Ignoring pictures, transcribe exactly the lines between the one containing "Hotel review Style'" and the end of the material, both included.

◆ DATA PROVIDED ◆
════
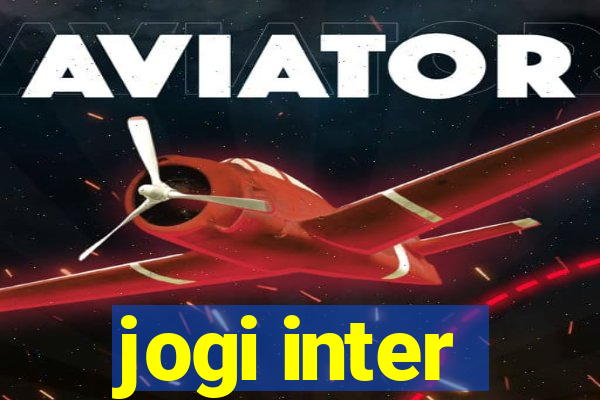 jogi inter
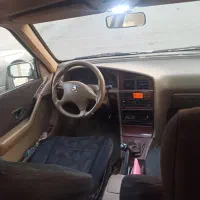 پارس ELX84|خودرو سواری و وانت|خرمآباد, |دیوار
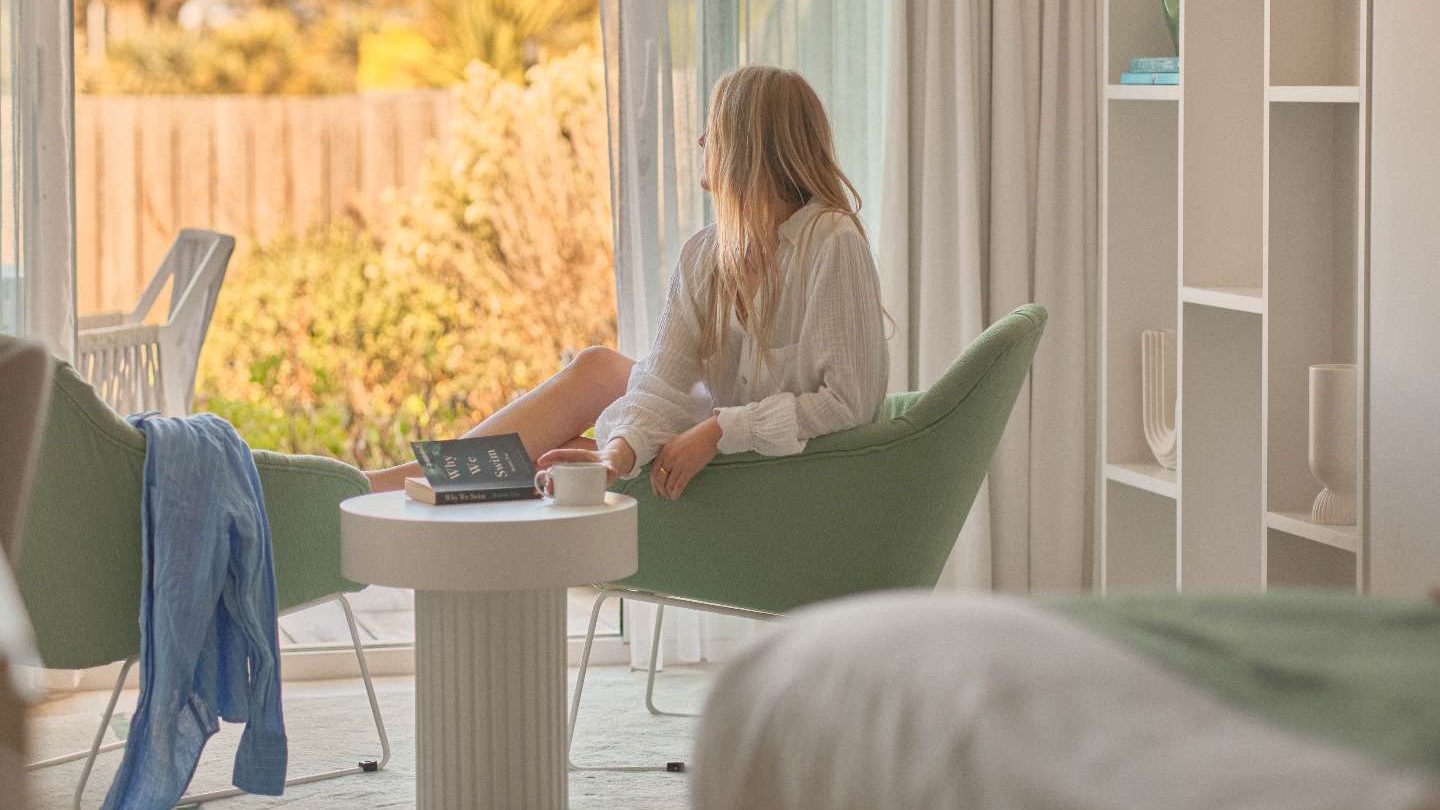 Hotel review Style' - St Moritz Hotel & Cowshed Spa - 2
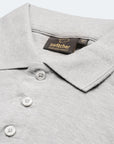 Polo Switcher da uomo john color/gris chine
════
◆ TASK RESPONSE ◆
 Hotel review Style' - St Moritz Hotel & Cowshed Spa - 2
 Polo Switcher da uomo john color/gris chine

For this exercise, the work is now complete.